Chapter 8. Functional List-Processing (2)

Sometimes, a list-processing function is partial in the sense that it is not well-defined for all of the lists. For instance, the function list0_head for returning the head element of a given list is defined only if the given list is non-empty:

fun {a:t@ype} list0_head(xs: list0(a)): a = ( case+ xs of | list0_cons(x, _) => x | _(* list0_nil() *) => $raise ListSubscriptExn() )

Note that the code $raise ListSubscriptExn() is for raising an exception (in the case where xs is empty), which is to be explained in details later. Another approach to handling a partial function is to turn it into a total one that returns options. For instance, list0_head_opt is such a total function corresponding to list0_head:

// datatype option0(a:t@ype) = Some0 of (a) | None0 of () // fun {a:t@ype} list0_head_opt (xs: list0(a)): option0(a) = ( case+ xs of list0_cons(x, _) => Some0(x) | _ => None0() )

The function returning the last element of a given list is also partial as it is only defined for a non-empty list. The following function list0_last_opt returns an option to indicate whether the last element of a given list is found:

// fun {a:t@ype} list0_last_opt ( xs: list0(a) ) : option0(a) = let // fun loop (x0: a, xs: list0(a)): a = ( case+ xs of list0_nil() => x0 | list0_cons(x1, xs) => loop(x1, xs) ) // in // case+ xs of | list0_nil() => None0() | list0_cons(x, xs) => Some0(loop(x, xs)) // end // end of [list0_last_opt] //

Note that the inner function loop in the body of list0_last_opt is tail-recursive.

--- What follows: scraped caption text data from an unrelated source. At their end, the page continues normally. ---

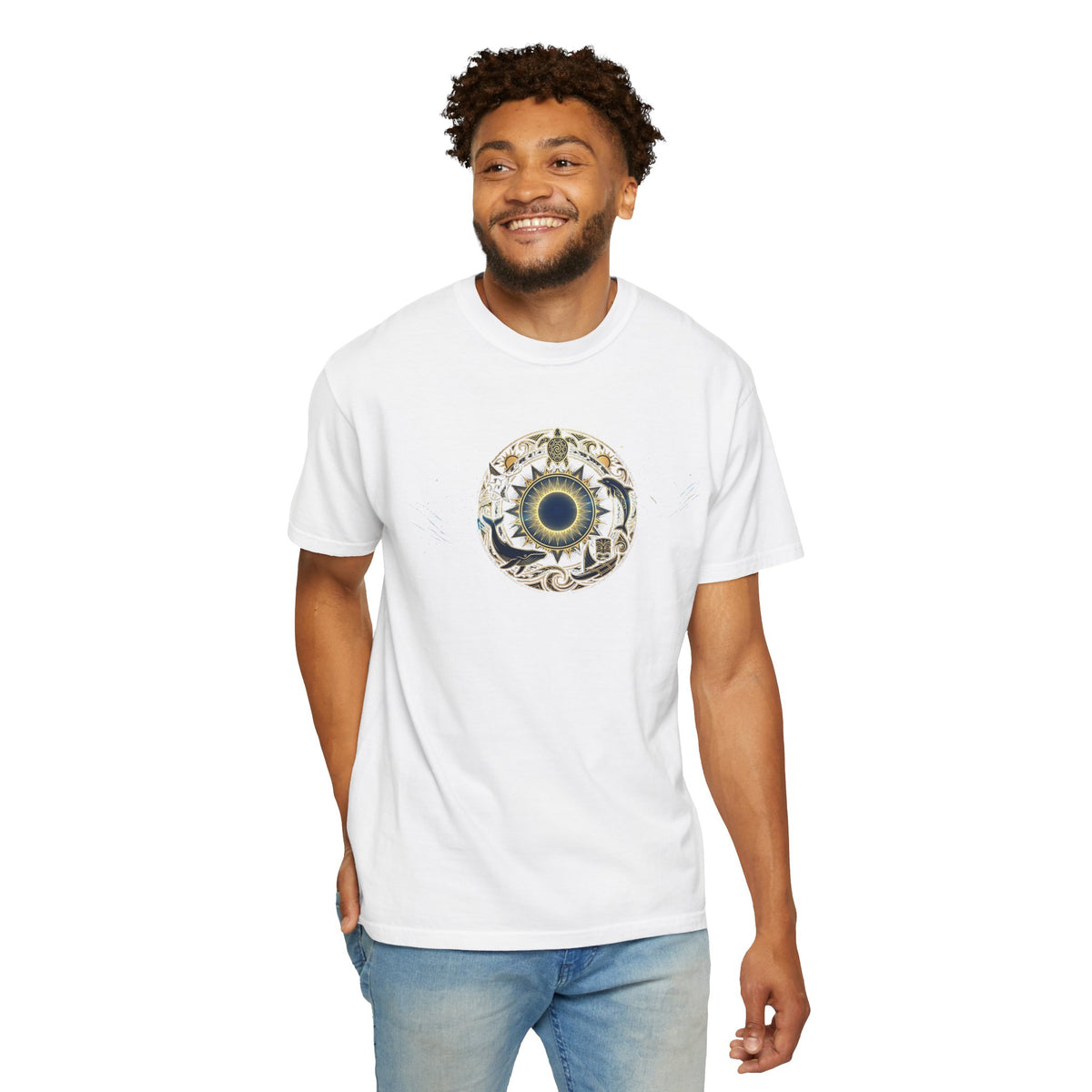 Mystic Ocean Compass T-Shirt — Nautical Mandala Sun & Sea Life Design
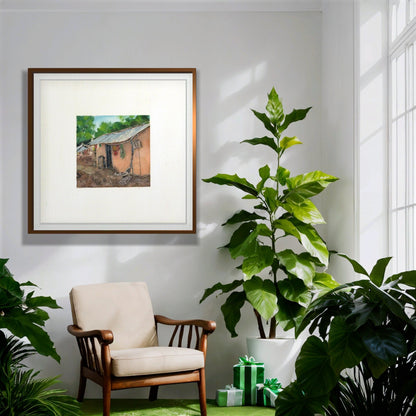 "Indian Village I Miniature Art Print - Traditional Folk Painting - ZenS Art"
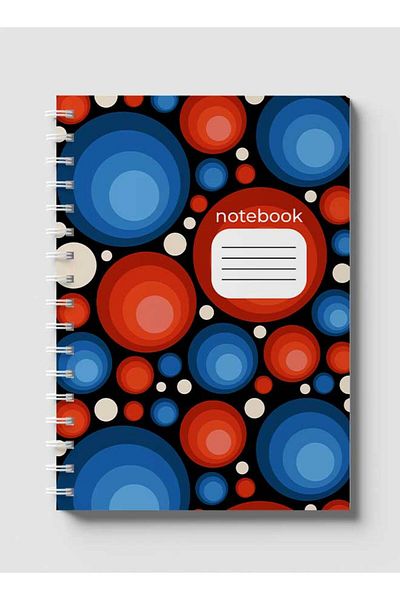 LOWHA Spiral Notebook with Front and Back Hard Covers Featuring Seamless Colorful Circles Design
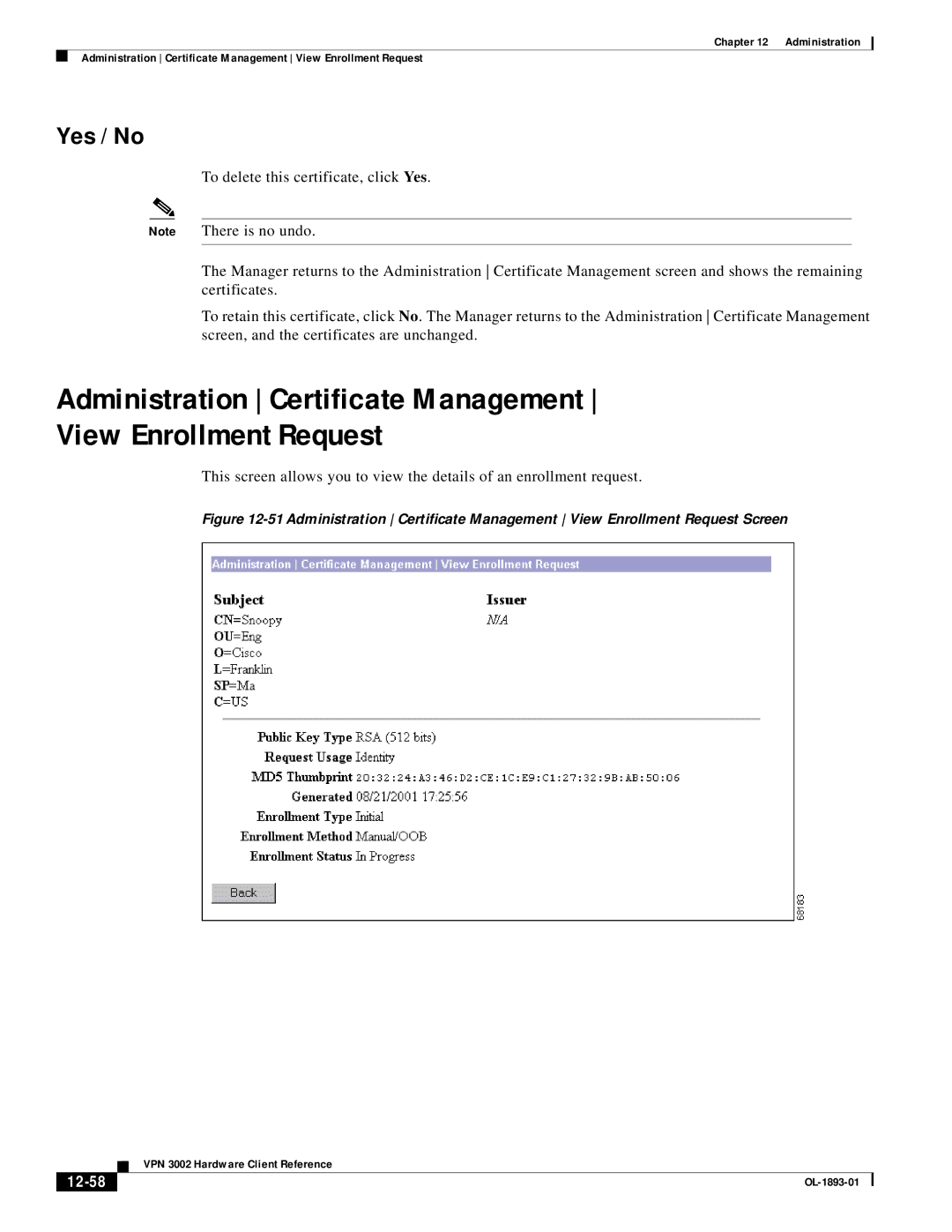 Cisco Systems VPN 3002 manual Yes / No, 12-58 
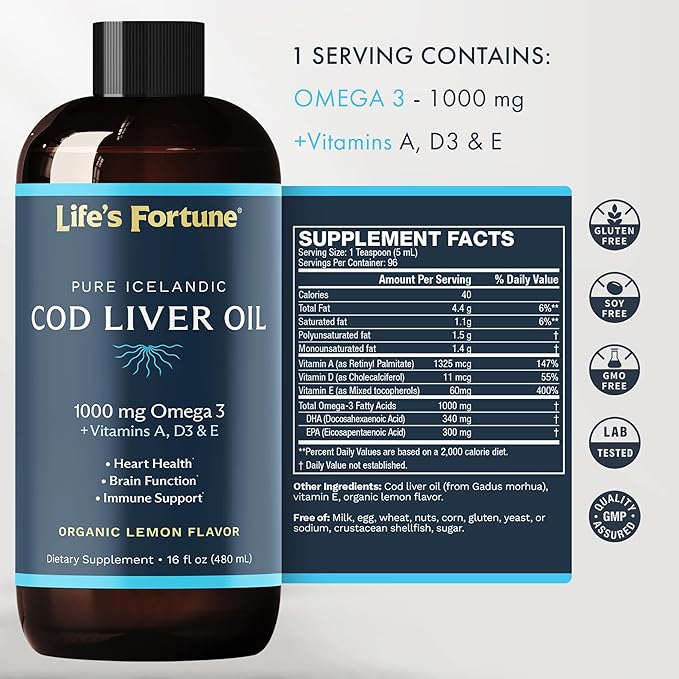 Life's Fortune Cod Liver Oil Liquid Lemon Flavor Organic Supplement with DHA, EPA 1000 mg High Potency Omega-3s + Vitamin A, E & D3 - Supports Immune, Joints, Eyes, 16 Fl Oz (Pack of 1)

Before moving on, I would like to point out a very common mistake in (functional) list-processing. First and foremost, a list is not meant to be used like an array. The following (partial) function list0_get_at does the so-called list-subscripting:

// extern fun {a:t@ype} list0_get_at (xs: list0(a), n: int): a // implement {a}(*tmp*) list0_get_at (xs, n) = ( case+ xs of | list0_nil() => $raise ListSubscriptExn() | list0_cons(x, xs) => if n <= 0 then x else list0_get_at<a>(xs, n-1) ) //

For instance, given the list (1,10,100) and the index 1, list0_get_at return the element 10. Another common name for list0_get_at is list0_nth. Clearly, the time-complexity of list0_get_at is O(n) (while array-subscripting is O(1)-time). It is almost always a poor programming style to process the elements in a list by calling list0_get_at (as the resulting code is likely to be prohibitively inefficient time-wise). For the purpose of illustration, let us take a look at the following two functions for tallying the integers contained in a given list:

// fun list0_tally1 (xs: list0(int)): int = list0_foldleft<int><int>(xs, 0, lam(res, x) => res + x) // fun list0_tally2 (xs: list0(int)): int = int_foldleft<int> (list0_length(xs), 0, lam(res, i) => res + list0_get_at<int>(xs, i)) //

Given a list xs of length n, the function list0_tally1 is O(n)-time while the function list0_tally2 is O(n2)-time. List-processing should be done in the efficient style of list0_tally1 rather than in the terribly inefficient style of list0_tally2. In general, please try to avoid doing list-subscripting repeatedly if the involved index cannot be bounded by a small constant!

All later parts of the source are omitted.